Les auteurs, OB Sisay, Maryam Abdullah et Elizabeth Smith, concluent que la meilleure option est une combinaison de 20% de distance sociale et de 80% de protection pour les personnes vulnérables, c'est-à-dire restreindre les mouvements ou limiter les contacts entre les utilisateurs. porter des masques ou éviter les rassemblements et garder les personnes âgées, les diabétiques, les patients hypertendus, entre autres, dans l'isolement.

Cette stratégie, ont-ils calculé, peut aider à réduire de moitié le nombre de morts (52%), à réduire le nombre de cas d'infection de 31%, à réduire le pic d'hospitalisations de 66% et l'utilisation de lits de soins intensifs de 67% .

En Afrique, il y a plus de 12 000 décès confirmés dans plus de 520 000 personnes infectées dans 54 pays, selon les dernières statistiques sur la pandémie sur ce continent.

Cependant, le rapport a constaté une grande variation entre les prédictions de l'Organisation mondiale de la santé (OMS) et de la London School of Hygiene and Tropical Medicine (LSHTM), ce qui crée une grande incertitude quant à l'évolution de la pandémie.

Alors que l'OMS en Afrique prédit un nombre final de 87 000 décès dans 145 millions de cas d'infection en tant que nouveau coronavirus, entraînant un taux de mortalité des cas très bas, un modèle LSHTM qui analyse 18 pays d'Afrique subsaharienne suggère plus d'un millions de morts, même avec des mesures de confinement.

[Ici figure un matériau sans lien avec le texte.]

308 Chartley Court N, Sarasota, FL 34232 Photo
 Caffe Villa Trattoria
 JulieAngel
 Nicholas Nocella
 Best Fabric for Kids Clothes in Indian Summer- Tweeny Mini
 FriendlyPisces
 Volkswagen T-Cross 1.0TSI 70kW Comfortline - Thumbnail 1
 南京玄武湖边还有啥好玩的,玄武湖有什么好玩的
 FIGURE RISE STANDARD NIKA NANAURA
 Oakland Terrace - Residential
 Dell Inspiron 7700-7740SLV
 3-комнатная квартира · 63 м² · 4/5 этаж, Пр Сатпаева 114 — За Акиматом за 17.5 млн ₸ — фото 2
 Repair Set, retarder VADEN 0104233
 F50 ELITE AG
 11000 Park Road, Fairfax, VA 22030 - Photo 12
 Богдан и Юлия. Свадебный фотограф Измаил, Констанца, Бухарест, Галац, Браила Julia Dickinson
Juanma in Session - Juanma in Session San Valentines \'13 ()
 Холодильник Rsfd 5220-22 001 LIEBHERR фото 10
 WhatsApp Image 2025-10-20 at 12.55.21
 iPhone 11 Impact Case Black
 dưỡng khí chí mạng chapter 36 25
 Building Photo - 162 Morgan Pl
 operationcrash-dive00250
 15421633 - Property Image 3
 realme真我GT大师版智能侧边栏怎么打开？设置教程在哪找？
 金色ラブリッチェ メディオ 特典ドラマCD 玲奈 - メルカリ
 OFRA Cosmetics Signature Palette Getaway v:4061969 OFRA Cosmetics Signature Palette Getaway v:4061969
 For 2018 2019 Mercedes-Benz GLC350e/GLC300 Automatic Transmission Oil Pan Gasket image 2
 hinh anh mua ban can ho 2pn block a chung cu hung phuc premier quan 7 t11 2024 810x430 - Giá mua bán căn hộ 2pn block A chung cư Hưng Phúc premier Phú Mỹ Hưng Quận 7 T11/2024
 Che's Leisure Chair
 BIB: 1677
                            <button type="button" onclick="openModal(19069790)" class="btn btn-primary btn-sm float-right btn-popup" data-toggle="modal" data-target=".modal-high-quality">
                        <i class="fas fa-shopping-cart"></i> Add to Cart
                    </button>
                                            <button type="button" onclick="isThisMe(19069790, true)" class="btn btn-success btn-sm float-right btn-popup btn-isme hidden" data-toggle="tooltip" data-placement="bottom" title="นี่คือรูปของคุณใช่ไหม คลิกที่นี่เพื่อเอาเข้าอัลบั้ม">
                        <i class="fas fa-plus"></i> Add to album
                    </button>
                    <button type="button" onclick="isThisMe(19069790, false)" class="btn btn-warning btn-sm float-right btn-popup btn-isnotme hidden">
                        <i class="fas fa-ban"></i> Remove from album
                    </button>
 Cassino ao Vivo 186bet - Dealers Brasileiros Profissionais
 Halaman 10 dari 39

"Actuellement, les chiffres pour l'Afrique semblent relativement faibles", admet Tony Blair dans un communiqué, admettant qu '"il se peut que, comme certains le suggèrent, le type de virus soit plus faible ou la population jeune en Afrique soit plus résistante".

Cependant, ajoute-t-il, "cela peut aussi être simplement un décalage temporel, et la maladie peut commencer à s'accélérer".

D'autres mesures suggérées dans le rapport comprennent des campagnes d'information du public, l'adaptation des systèmes de test aux capacités et aux moyens disponibles, en donnant la priorité, par exemple, aux professionnels de la santé et aux autres travailleurs des services essentiels, et la transparence dans la publication des données en temps réel.